Deutsche Gesellschaft für Medizinische Informatik, Biometrie und Epidemiologie. 66. Jahrestagung der Deutschen Gesellschaft für Medizinische Informatik, Biometrie und Epidemiologie e. V. (GMDS), 12. Jahreskongress der Technologie- und Methodenplattform für die vernetzte medizinische Forschung e.V. (TMF). sine loco [digital], 26.-30.09.2021. Düsseldorf: German Medical Science GMS Publishing House; 2021. DocAbstr. 129

doi: 10.3205/21gmds084, urn:nbn:de:0183-21gmds0843

Published: September 24, 2021

© 2021 Erdmann et al.
This is an Open Access article distributed under the terms of the Creative Commons Attribution 4.0 License. See license information at http://creativecommons.org/licenses/by/4.0/.


Outline

Text

Introduction: The gold standard for investigating the effectiveness of a new therapy – the (pragmatic) randomized controlled trial (pRCT) [1] – is costly and time-consuming [2]. At the same time, huge amounts of real world data (RWD) in analyzable format are neglected, if not often completely ignored. To overcome this shortcoming, alternative study designs with more efficient data use would be desirable.

Methods: Assume a new intervention is to be tested in a routine care setting and that large amounts of standard care patient data can be assessed (e.g. in form of claims data provided by the health care provider). The idea is now to set up a prediction model using routine care data, which is then applied to estimate the (non-observed) treatment effect of the standard therapy for patients receiving the new intervention, that is, to conduct a single-arm study with a synthetic control arm.

To investigate whether and how such a design – the prediction design – could be used to provide information on treatment effects based on existing infrastructure and data sources, we explored the assumptions under which a linear regression model could be used to predict the counterfactual of patients accurately enough to construct a test for assessing the treatment effect. This investigation was motivated by two (hypothetical) studies, which each explore the effect of a new intervention for type II diabetes patients on the Hb1c reduction. In the first example, the data used for the synthetic control arm is a fixed historical data set and the aim is to compare the effect of liraglutide to sitagliptin. The prediction model of the second example is fitted by claims data, which is collected in parallel to the single arm trial, i.e., the data is not known until analysis and hence considered random. Here, it is assumed that patients participate in a disease management program, where Hb1c reduction and other relevant variables for the prediction model are collected.

Results: Simulations were used to examine the amount of data needed for the control condition as well as for the single-arm study in order to control for (average) type I and type II errors. Depending on the amount of available control condition data and the performance of the prediction model, the sample size could be reduced compared to a conventional pRCT.

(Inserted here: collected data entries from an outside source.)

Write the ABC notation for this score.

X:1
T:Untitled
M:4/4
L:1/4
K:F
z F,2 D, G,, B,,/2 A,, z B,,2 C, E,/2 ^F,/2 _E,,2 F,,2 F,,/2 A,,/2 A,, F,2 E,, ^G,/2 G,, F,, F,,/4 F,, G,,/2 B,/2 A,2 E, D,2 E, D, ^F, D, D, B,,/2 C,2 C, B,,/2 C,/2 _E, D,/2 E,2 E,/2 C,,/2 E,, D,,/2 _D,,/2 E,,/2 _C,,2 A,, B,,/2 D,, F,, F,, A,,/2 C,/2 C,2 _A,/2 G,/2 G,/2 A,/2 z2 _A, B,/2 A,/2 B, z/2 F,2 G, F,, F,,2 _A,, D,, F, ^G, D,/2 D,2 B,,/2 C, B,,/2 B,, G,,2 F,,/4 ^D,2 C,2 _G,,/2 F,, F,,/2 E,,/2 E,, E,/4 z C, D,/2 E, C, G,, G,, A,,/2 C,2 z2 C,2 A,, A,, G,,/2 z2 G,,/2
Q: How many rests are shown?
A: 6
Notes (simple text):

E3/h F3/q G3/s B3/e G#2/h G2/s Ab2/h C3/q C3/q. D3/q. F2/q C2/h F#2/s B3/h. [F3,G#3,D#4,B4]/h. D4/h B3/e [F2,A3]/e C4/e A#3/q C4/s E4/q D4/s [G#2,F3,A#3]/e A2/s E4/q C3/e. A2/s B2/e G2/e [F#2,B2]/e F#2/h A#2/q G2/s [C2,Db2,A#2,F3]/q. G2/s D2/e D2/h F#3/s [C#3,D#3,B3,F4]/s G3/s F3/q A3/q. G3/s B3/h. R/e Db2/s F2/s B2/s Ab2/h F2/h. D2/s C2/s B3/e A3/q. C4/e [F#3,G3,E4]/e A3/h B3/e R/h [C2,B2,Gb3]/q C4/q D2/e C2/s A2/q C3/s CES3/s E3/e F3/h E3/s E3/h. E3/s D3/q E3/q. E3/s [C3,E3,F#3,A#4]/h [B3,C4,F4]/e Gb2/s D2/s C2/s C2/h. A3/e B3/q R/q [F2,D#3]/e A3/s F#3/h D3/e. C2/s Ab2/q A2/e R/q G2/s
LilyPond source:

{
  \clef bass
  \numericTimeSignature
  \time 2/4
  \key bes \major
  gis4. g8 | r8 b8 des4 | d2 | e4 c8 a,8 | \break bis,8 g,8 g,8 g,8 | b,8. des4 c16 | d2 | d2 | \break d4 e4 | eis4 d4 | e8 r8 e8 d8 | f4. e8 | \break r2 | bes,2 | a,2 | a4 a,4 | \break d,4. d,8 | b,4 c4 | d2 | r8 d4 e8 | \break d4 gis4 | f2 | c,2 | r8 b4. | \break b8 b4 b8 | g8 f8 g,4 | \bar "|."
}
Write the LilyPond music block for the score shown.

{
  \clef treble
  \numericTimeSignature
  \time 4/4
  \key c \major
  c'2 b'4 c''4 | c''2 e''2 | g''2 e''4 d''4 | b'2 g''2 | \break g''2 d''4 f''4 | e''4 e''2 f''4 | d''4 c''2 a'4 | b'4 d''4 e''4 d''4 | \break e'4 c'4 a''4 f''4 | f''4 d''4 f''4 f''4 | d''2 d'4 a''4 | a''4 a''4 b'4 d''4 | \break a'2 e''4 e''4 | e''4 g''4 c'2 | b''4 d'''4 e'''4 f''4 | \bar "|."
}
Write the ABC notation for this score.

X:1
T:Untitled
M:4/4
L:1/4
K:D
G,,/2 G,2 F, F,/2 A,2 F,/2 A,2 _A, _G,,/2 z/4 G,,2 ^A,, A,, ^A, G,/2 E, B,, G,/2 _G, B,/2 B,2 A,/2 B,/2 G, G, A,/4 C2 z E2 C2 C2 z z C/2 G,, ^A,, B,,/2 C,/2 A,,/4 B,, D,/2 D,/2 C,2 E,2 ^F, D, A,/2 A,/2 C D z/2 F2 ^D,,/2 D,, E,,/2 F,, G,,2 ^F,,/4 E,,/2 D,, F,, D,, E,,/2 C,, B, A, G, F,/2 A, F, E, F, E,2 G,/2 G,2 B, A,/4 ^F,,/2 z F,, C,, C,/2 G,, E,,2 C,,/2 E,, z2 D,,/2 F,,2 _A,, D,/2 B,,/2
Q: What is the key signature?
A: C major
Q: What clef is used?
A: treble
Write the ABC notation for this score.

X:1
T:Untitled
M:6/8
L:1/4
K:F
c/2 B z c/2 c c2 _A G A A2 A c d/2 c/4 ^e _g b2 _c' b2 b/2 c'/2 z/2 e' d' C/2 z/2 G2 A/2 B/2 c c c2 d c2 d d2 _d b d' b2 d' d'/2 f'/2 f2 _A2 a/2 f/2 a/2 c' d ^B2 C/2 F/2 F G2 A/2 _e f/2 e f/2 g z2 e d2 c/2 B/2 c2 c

Discussion: If historical data is used for the prediction model, control of type I error cannot be formally guarantueed for each possible historical data set. To estimate the amout of “considerable” violation, the proportion of the historical data sets in the simulation for which the type I error is > 0.07 is calculated. Moreover, the average type I error and corresponding 2.5% and 97.5% quantiles are presented (compare [3]).

Conclusion: The proposed approach could be of use in specific applications. However, methodological aspects concerning type I and type II error inflation for the historical data set application and availability of specific covariates for the prediction model, especially in claims data, are challenging.

The authors declare that they have no competing interests.

The authors declare that an ethics committee vote is not required.


References

1.
Dal-Ré R, Janiaud P, Ioannidis JP. Real-world evidence: How pragmatic are randomized controlled trials labeled as pragmatic? BMC medicine. 2018;16(1):1-6.
2.
Patsopoulos NA. A pragmatic view on pragmatic trials. Dialogues in clinical neuroscience. 2011;13(2):217.
3.
Edelmann D, Habermehl C, Schlenk RF, Benner A. Adjusting Simon's optimal two‐stage design for heterogeneous populations based on stratification or using historical controls. Biometrical Journal. 2020;62(2):311-329.